Seperti yang terjadi di Dusun Krembeng, Desa Hardimulyo, Kecamatan Kaligesing. Untuk memeriahkan peringatan Maulud Nabi dan khotmil quran, warga menggelar tradisi karnaval kuda penca atau arak-arakan kuda bagi para santri yang telah khatam mengaji. Dengan diiringi pasukan abid (atraksi api), terbangan sholawatan Jawa, serta pesta kembang api, para peserta berjalan mengelilingi jalan desa sejauh kurang lebih 5 km. Ribuan warga sekitarpun memadati jalan-jalan yang dilalui para peserta karnaval itu.

"Ini sudah tradisi rutin, hampir tiap tahun, namun waktunya bergantian, jika tahun lalu siang hari, tahun ini dilakukan malam hari," kata koordinator karnaval, Jamaludin (29), Minggu (18/12/2016).

Dikatakan, ada sekitar 13 anak baik putra maupun putri yang khatam dan diarak dalam karnaval itu. Mereka melakukan perjalanan dari RT 6 Desa Hardimulyo menuju Desa Sudorogo dan kembali hingga finish di Masjid Baitut Taqwa, tempat anak-anak menggelar khatam dan peringatan maulud nabi.

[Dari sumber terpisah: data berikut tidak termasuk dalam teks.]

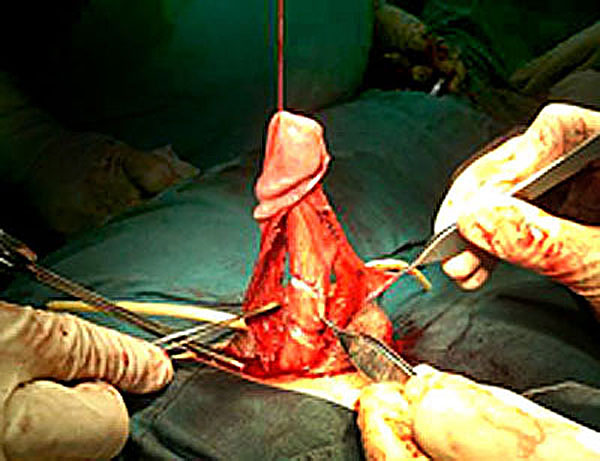 degloving penis surgery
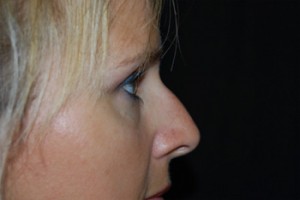 Rhinoplasty Before & After Patient #22295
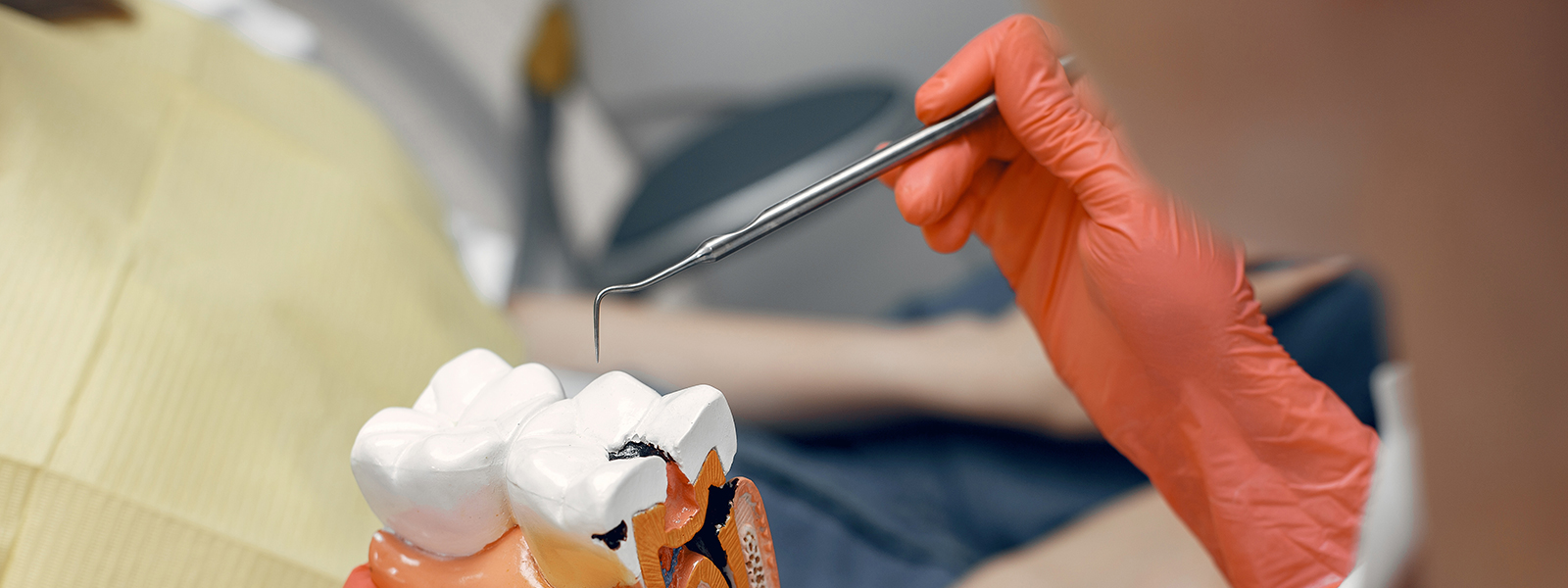 model tooth dentist doctor shows patient tooth reception dentist s office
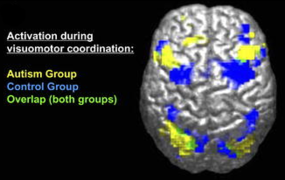 "An image of an autistic mind versus a typical mind." Lastly, we can evade an photograph at all. I think the medical image would be the most accurate image as a header for such an expansive topic.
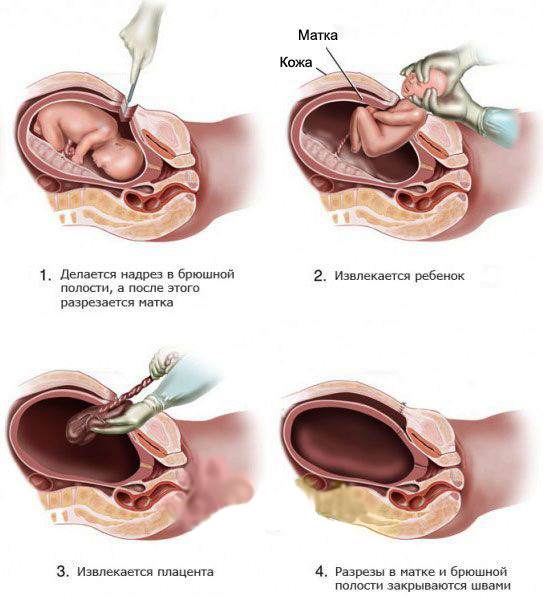 Кесарево сечение при сильной грыже позвоночника Кесарево сечение при сильной грыже позвоночника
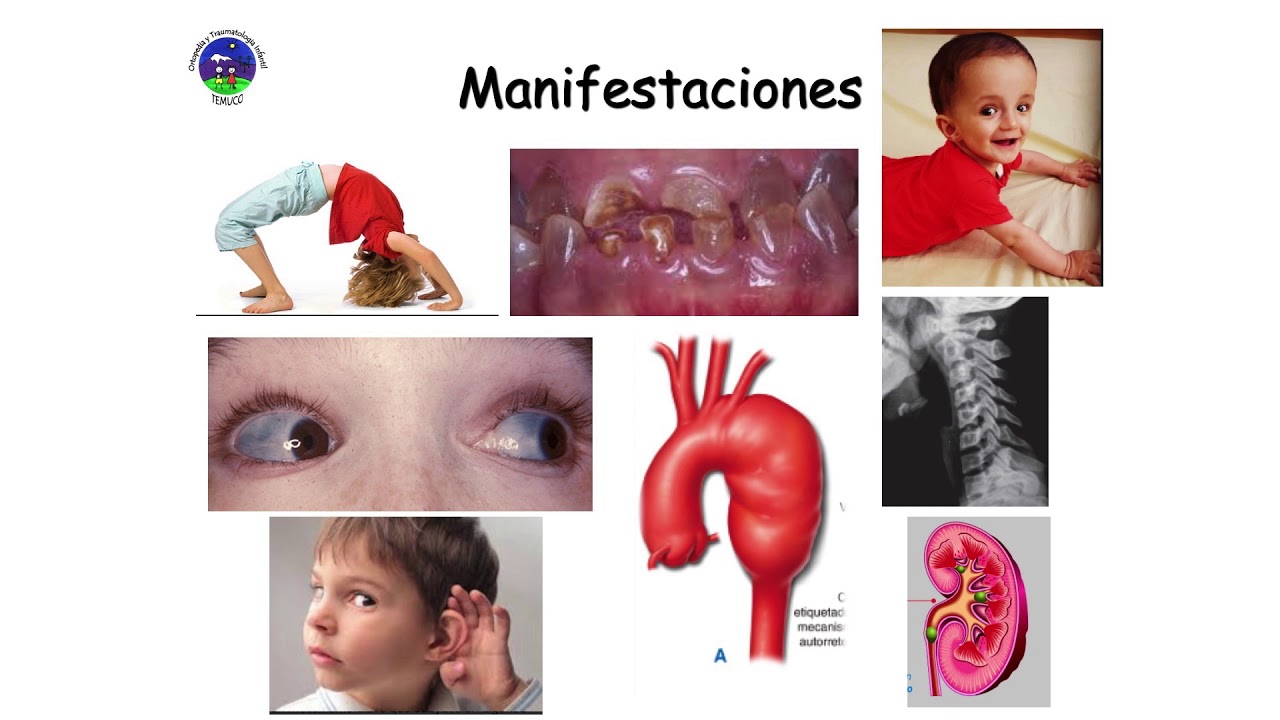 Condiciones Ortopedicas - 11 - Osteogénesis Imperfecta - Dra. Mónica Foppiano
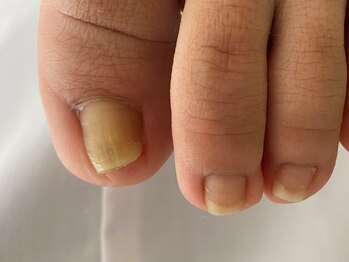 フットメンテ 巻き爪矯正センター 南浦和/巻き爪　上面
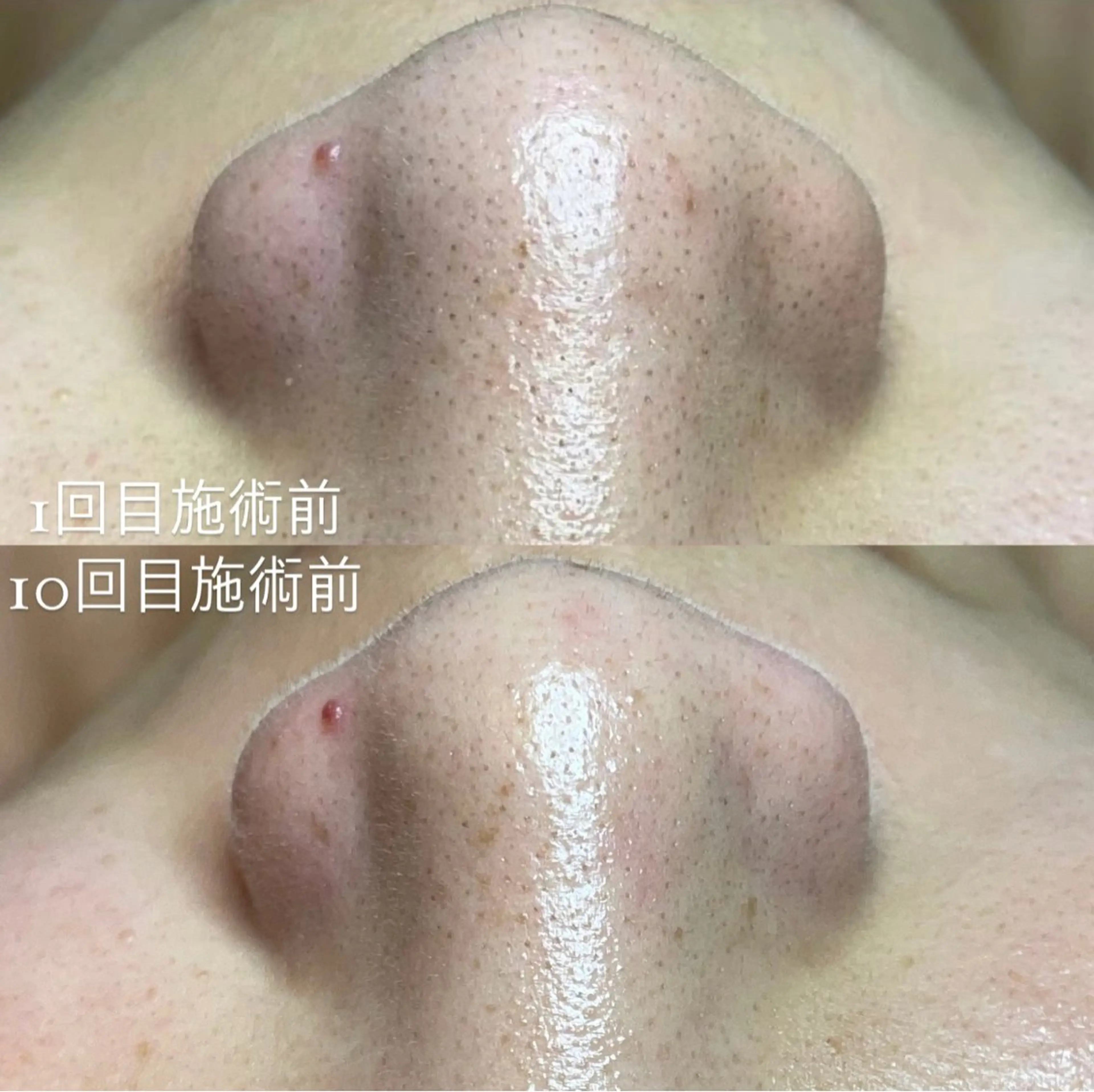 エステ リラク セルフエステエンリケ明石大久保店所属・夕希リンパ&痩身& 脱毛&毛穴ケアのエステ・リラクイメージ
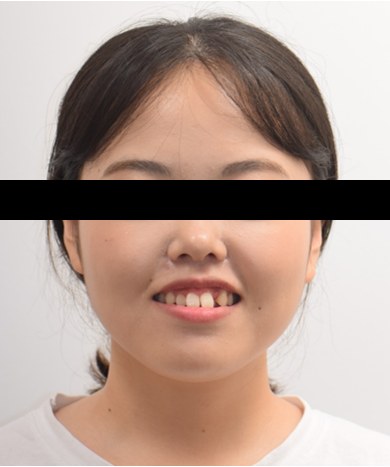 돌출입 · 잇몸웃음 · 발치교정 치료 전 사진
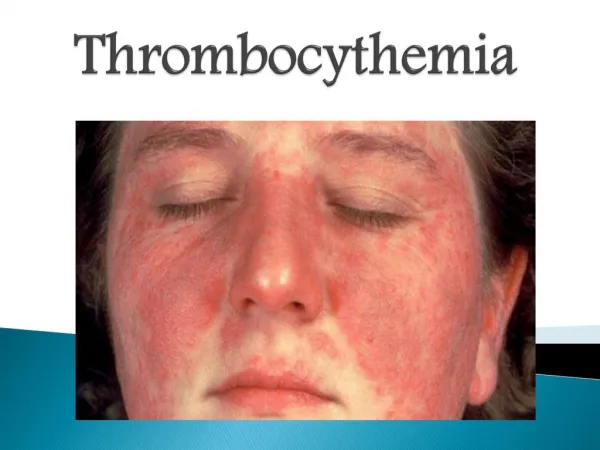 Thrombocythemia: Causes, Symptoms, Diagnosis, and Treatment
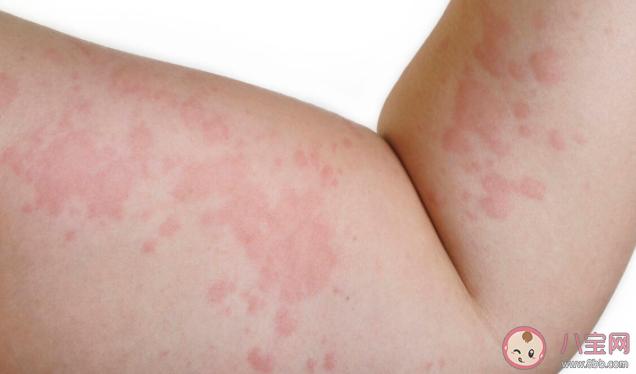 为什么春天容易皮肤过敏 长湿疹和湿气有关系吗
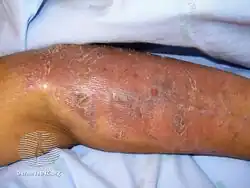 Lichenoid drug eruption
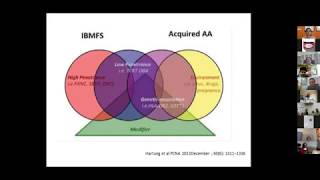 PHO training session 18062020 APPROACH TO PANCYTOPENIA [upl. by Laszlo81]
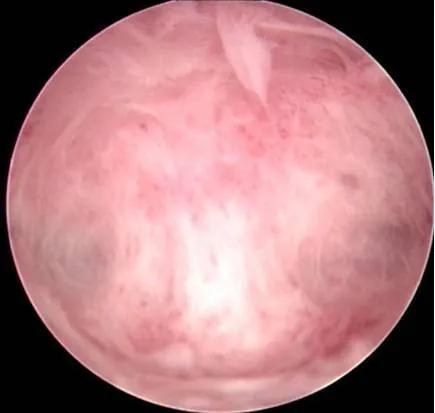 什么是宫腔镜？宫腔镜可以治疗哪些疾病？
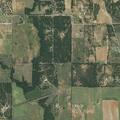 79-year-old man confused after heart surgery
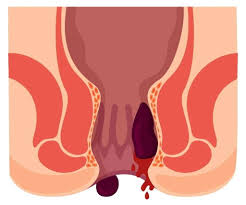 Image result for hemorrhoids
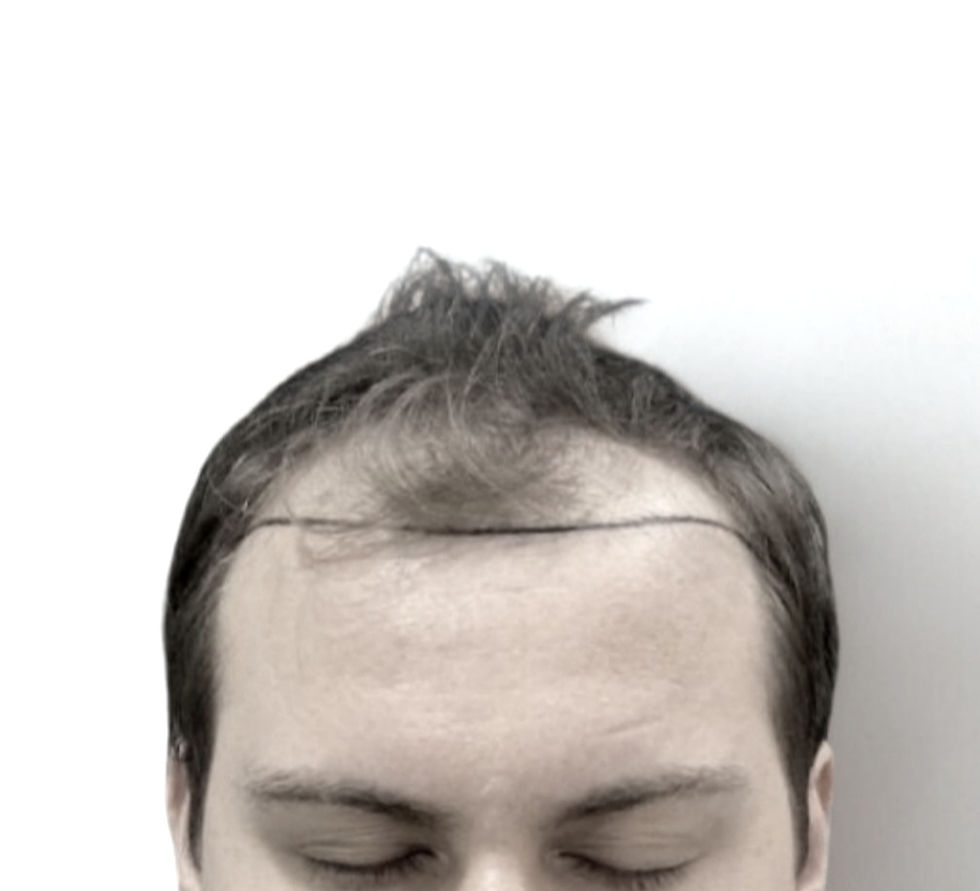 Planning phase in an Istanbul clinic, focusing on the soft, staggered pattern required for an undetectable hairline drawing.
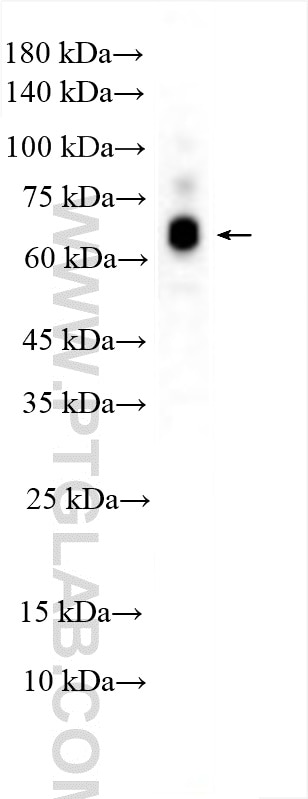 MEX3B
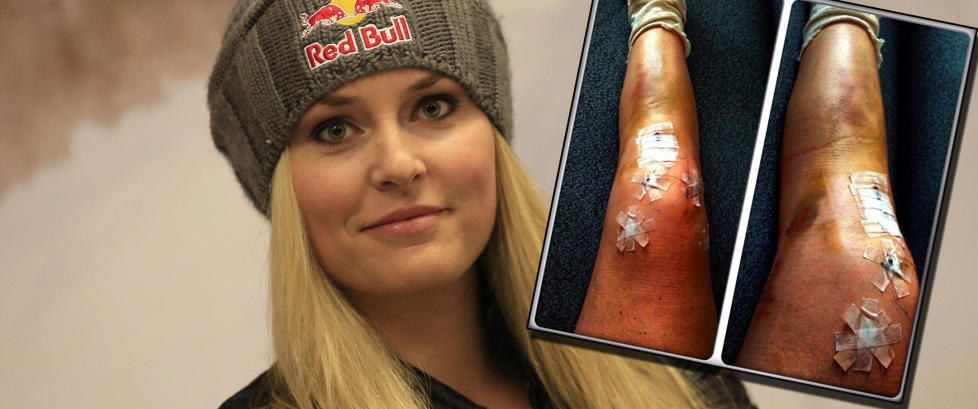 Derfor dropper Lindsey Vonn kort skj�rt i sommer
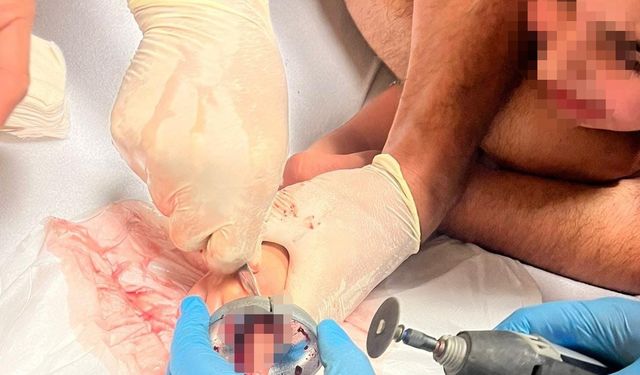 Küçük çocuğun parmağı çeşme aynasına sıkıştı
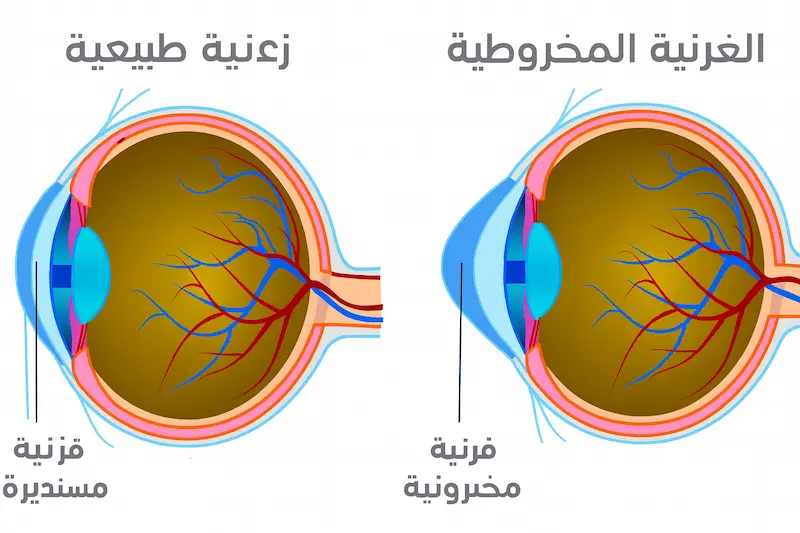 القرنية المخروطية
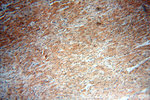 NCOA3 Antibody in Immunohistochemistry (Paraffin) (IHC (P))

"Tradisi ini sudah merupakan tradisi yang telah turun menurun, sebagai bentuk syukur para wali murid, karena anak mereka telah khatam Al Quran, dan mereka juga ingin membahagiakan anaknya, yang telah khatam," ujarnya.

Kegiatan itu, lanjutnya, diharapkan bisa menjadi motivasi bagi anak-anak lain, untuk rajin mengaji, sehingga cepat khatam. 

Diungkapkan, dalam setiap gelaran khataman, wali murid telah mengeluarkan anggaran yang tidak sedikit, dan bisa sampai menghabiskan rata-rata antara Rp 15 juta per walinya. Namun demikian, tradisi itu tetap dilaksanakan demi membuat senang anak-anaknya yang telah khatam.

"Ini menjadi daya tarik tersendiri bagi warga masyarakat sekitar, apalagi dengan suguhan berbagai atraksi api yang menarik, sehingga banyak warga yang datang menonton sekaligus untuk mengaji," ujarnya.